Янг сжался от злости и покраснел, буровя Тома взглядом:
— Ты о чем думал-то, когда её в Иерусалим и в Париж со мной отпускал, а? Что мы спим в разных кроватях и по утрам видимся лишь за завтраком, да? Ты должен быть мне благодарен, нет? — обратился Шульман к нему, пытаясь сгладить углы, — Я отношусь к твоей любимой дочери со всей душой, если ты не заметил, — сложил он перед собой руки, опершись на локти, — Одеваю, кормлю и даже занимаюсь с твоими, — указал он на отца Лили пальцем, — С твоими парнями, да? Ну и чем же я ей не пара-то, а?
Джон пожал плечами, не зная, что сказать. Томас рубил с плеча и сделал его же виновным во всех грехах. Нечего расслабляться, он же видел, кто к ним знакомиться пришёл! Не с закрытыми же глазами сидел напротив еврея!
— Ты всё ещё думаешь, что мной движет спортивный интерес? — развёл он руками, — Раз, и на матрас твою дочь повалил, ага? Ни черта! Я сначала в неё вложил и явно не два фунта, да?
Томасу не хотелось развязывать войну ещё и с её отцом, который пытался побороть себя, протирая лицо.
— Лучше надо было воспитывать свою принцессу, чтоб её не дракон из башни крал, а прекрасный принц! Так что не смей мне тут вызовы бросать, да?
Джон опустил голову, понимая, что пойти против Томасп он не в силах.
— Верни назад мне мою дочь!
Шульман посмеялся, и откинулся назад:
— Нет!
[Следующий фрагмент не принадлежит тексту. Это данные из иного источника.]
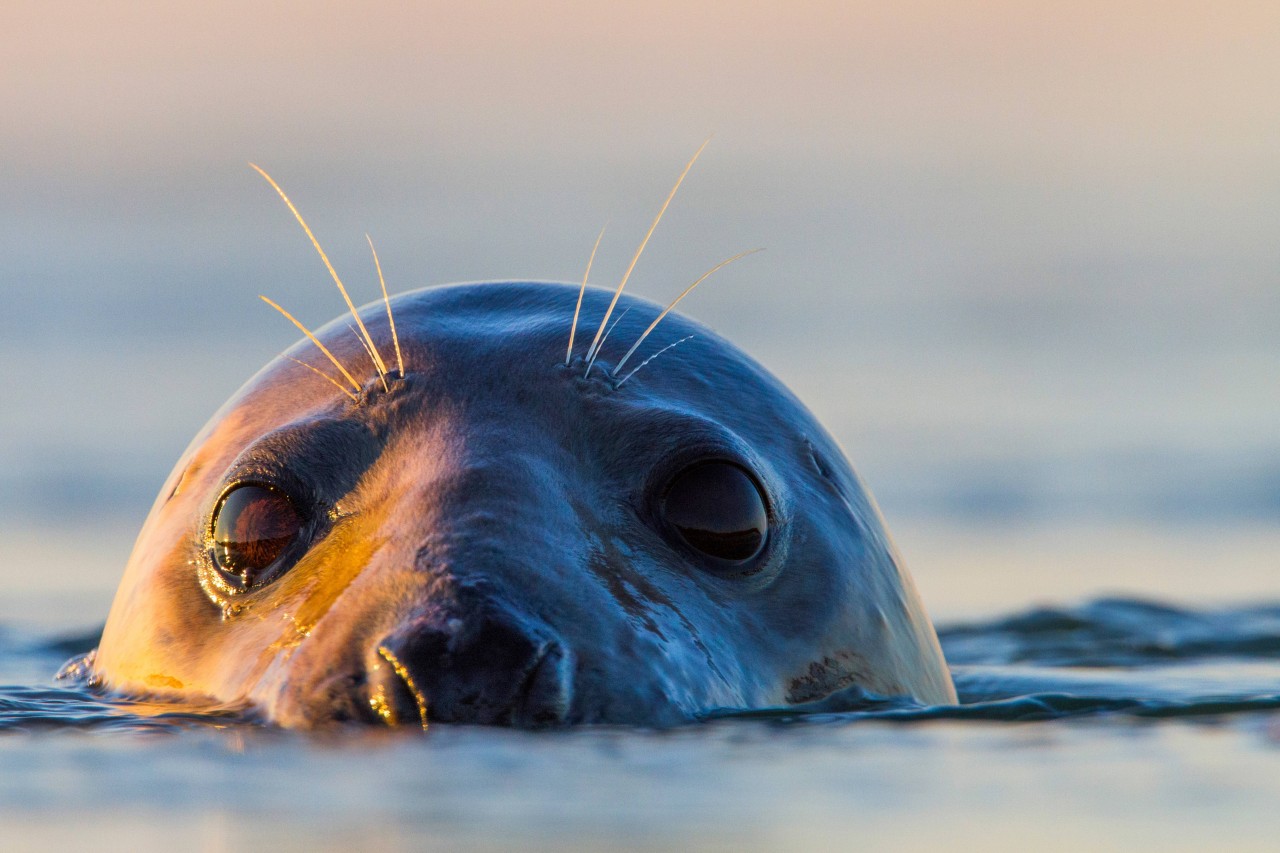 Urlaub an der Nordsee: Trotz des süßen Hundeblicks ist die Kegelrobbe Deutschlands größtes Raubtier. (Symbolbild)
Я слишком много на неё потратил! Нет, это не обсуждается! — вспыхнул он, — Это же глупо! Я в неё дохера денег вложил! Кто покроет мне расходы, мм? Явно не ты, ведь ты с того момента как щёлкнул меня, уволен, а?
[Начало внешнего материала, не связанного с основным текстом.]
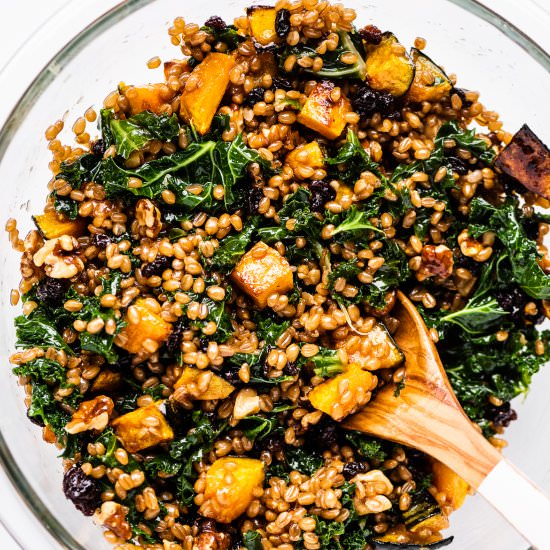 Wheat Berry Salad - Recipe photo by The Endless Meal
— Ты не женишься на ней! — они начали игру в гляделки, в которой Том практически сразу проиграл, впервые в жизни видя в карих глазах нотки вопроса.
— Я забираю свою дочь! — встал с места Янг, и Томас вскочил за ним следом, — Расскажу ей о твоих инстинктах на работе… Попробуй потом оправдайся!
— Черта с два! — схватил Томас его за плечо, и тут же ударил головой о угол стола, разбив морщинистый лоб, с которого тут же хлынула кровь.
— Если ты ещё раз дернешься на меня, то я верну тебе твою подпорченную дочь. Но, я не уверен, что «несвежая», кому-то пригодится, ведь весь Лондон будет знать, что Лили Янг прошла через меня, ага? — наклонился он к отцу девушки, протягивая салфетку, — Так, Исаак, выкинь его отсюда через кабинетную дверь, а то воняет навозом и перегаром, это не кошерно, — пробормотал Том.
На этом они и порешили, и Том попросил своего водителя увезти Янга домой. Он сидел в кабинете с открытыми окнами, прогоняя этот смрад, размышляя, действительно ли ему нужна эта женщина и скупая семейная перспектива.